The impact on residents (down from $6.75 per month to $3.17 per month) was reduced thanks to a bump in cash from Columbia Basin Trust and re-allocating portions of the heavy industry and business tax.
That’s good news for Silver City voters should the referendum pass during the Nov. 15 civic election when a question will be asked, “Are you in favour of the City of Trail enacting Bylaw No. 2781 authorizing borrowing of $6,288,000 for the construction of an integrated municipal library and museum facility?”
Trail council was hopeful the $38 tax increase would be reduced even more with monetary support from Teck Resources.
But in a letter sent to the city a few weeks ago, the company says it’s supportive in spirit, but not in dollars.

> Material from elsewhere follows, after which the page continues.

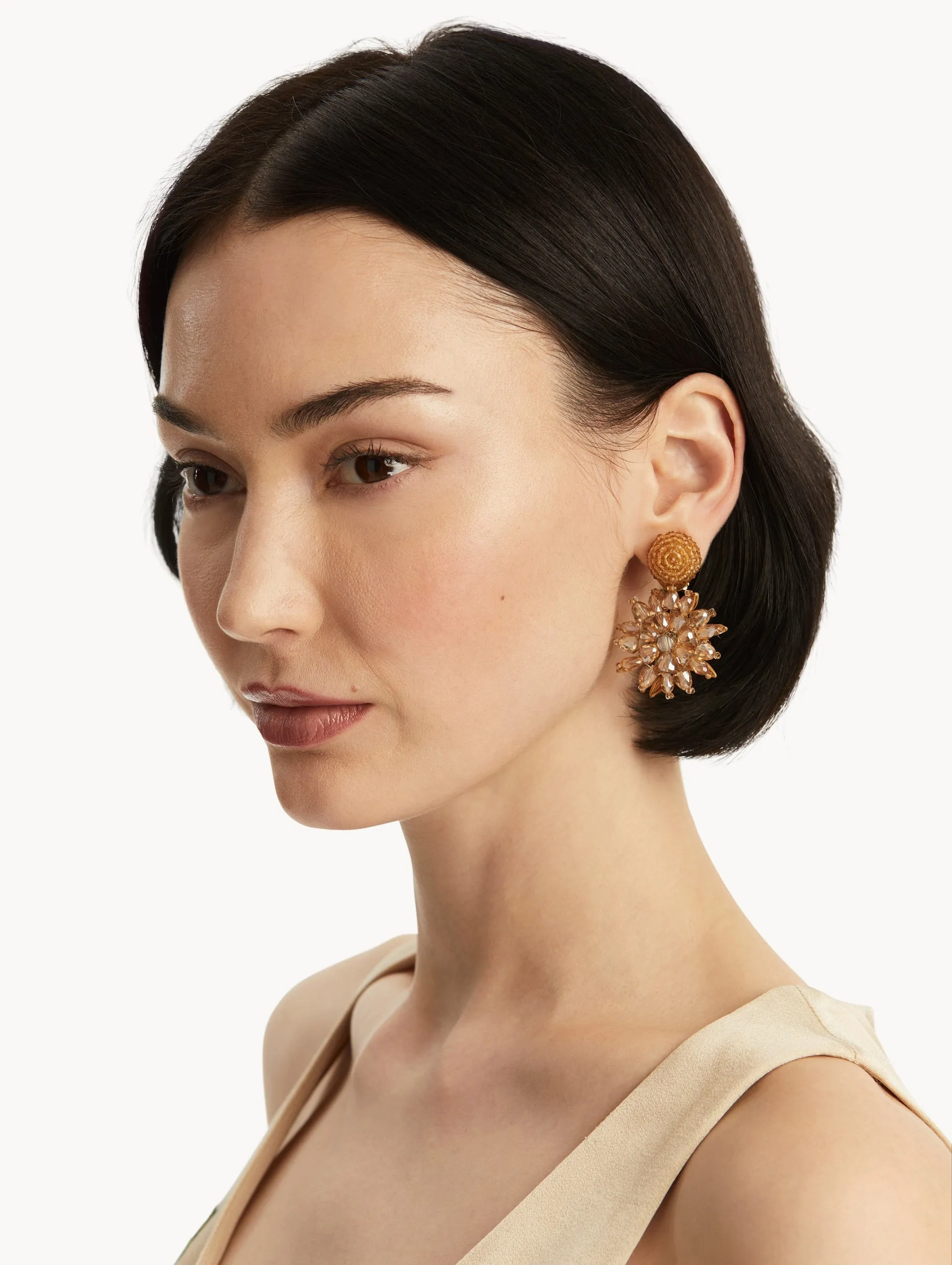 Raffia &amp; Beaded Flower Earrings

Teck’s response reflects the current resource industry environment, wrote Rob Scott, senior vice president, adding that Teck is in support of the project and views it as a positive aspect of the City of Trail’s downtown revitalization.
Additionally, city staff proposed that if a direct contribution was not feasible, then would the company consider paying a lump sum of pre-payment of taxes closer to time of the building construction, should it proceed.

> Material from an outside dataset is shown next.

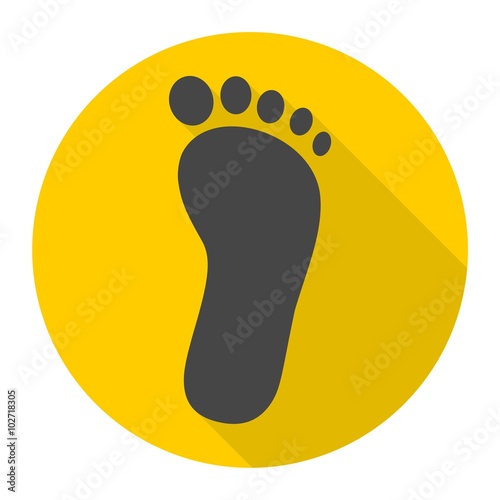 One footprint icon with long shadow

The answer to that was negative as well, replied Scott, due to current challenging condition in the resource sector and existing commitments across all Teck communities.
The company’s response is much more subtle than the last time a referendum for a new library was underway in downtown Trail.
Trail Times pulled from its archives a Nov. 18, 2002 edition of the paper, with a headline, “Library chair glum mayor says future up to new council.” A glance through reporter Raymond Masleck’s story reveals that 12 years ago, when the company was still Teck Cominco, not only did it not support the project, Doug Magoon, its general manager, led a campaign of local business leaders against the civic complex.
At that time, a new library and city hall was proposed, that Magoon described as “the wrong strategy for starting on the revitalization of downtown.”
All these years later, the desire for a new 18,000-square foot structure slated for the former Eagles lot on Bay Ave. is up to Trail electors in just five weeks.
The city and committee continue to explore other opportunities for grants, explained David Perehudoff, Trail’s chief administrative office, adding that the outcome depends upon the new federal Building Canada program.
The $8.8 billion Building Canada Fund was established in 2007 to fund projects until 2014.
The Fund addresses national, regional and local infrastructure priorities and supports projects designed to deliver a stronger economy, cleaner environment and strong communities
“This project may fit the criteria and depending on the final timing of the introduction of the new program, more significant grants could also be obtained for this project.”